───── Supplied data

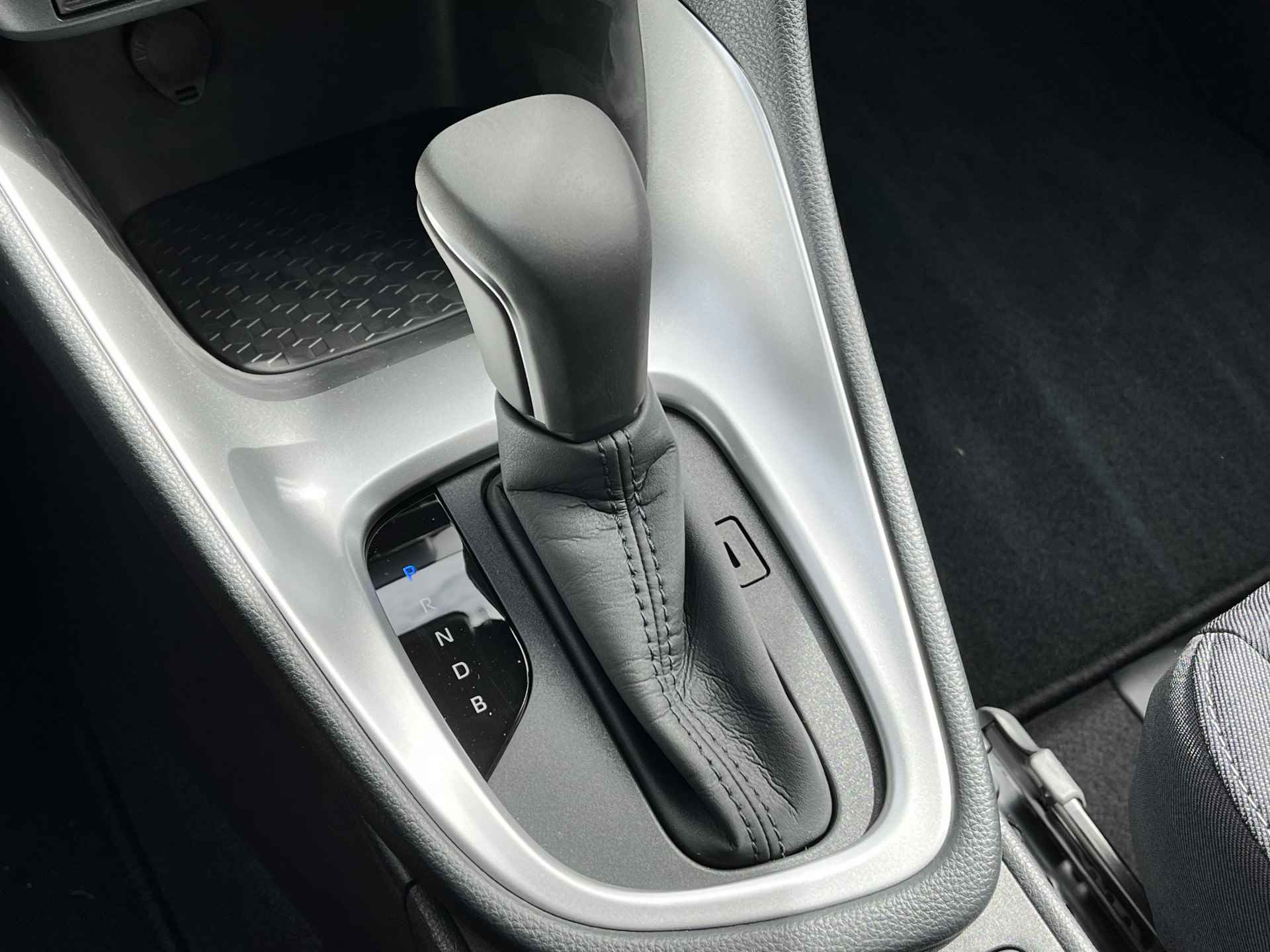 Toyota Yaris 1.5 Hybrid Dynamic Stoelverwarming Clima Adaptive cruise Apple carplay/ Android auto - 18/25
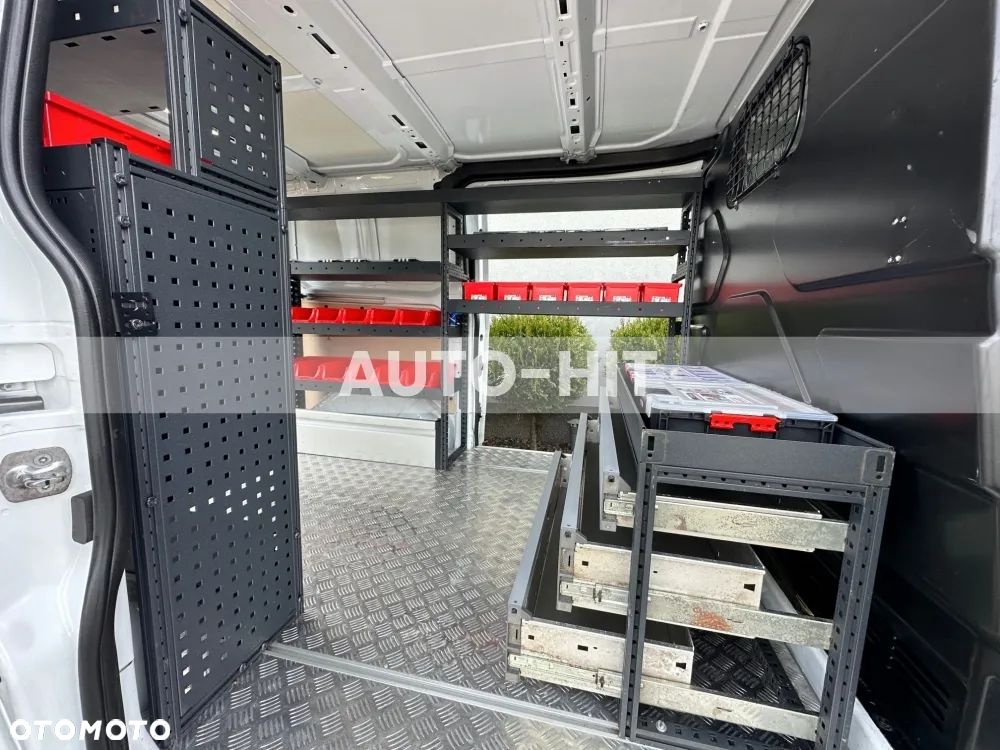 Ford Transit - 17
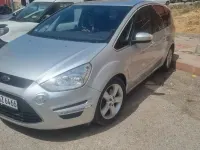 Gebraucht Ford S-MAX Titanium 140 PS (102 kW) 2012 Silber Van / Kleinbus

──────────

Task:
With the pictures removed, write out exactly the lines from the line containing "Ford Transit - 17" through the last line of the material above, both included.

Response to this exercise:
 Ford Transit - 17
 Gebraucht Ford S-MAX Titanium 140 PS (102 kW) 2012 Silber Van / Kleinbus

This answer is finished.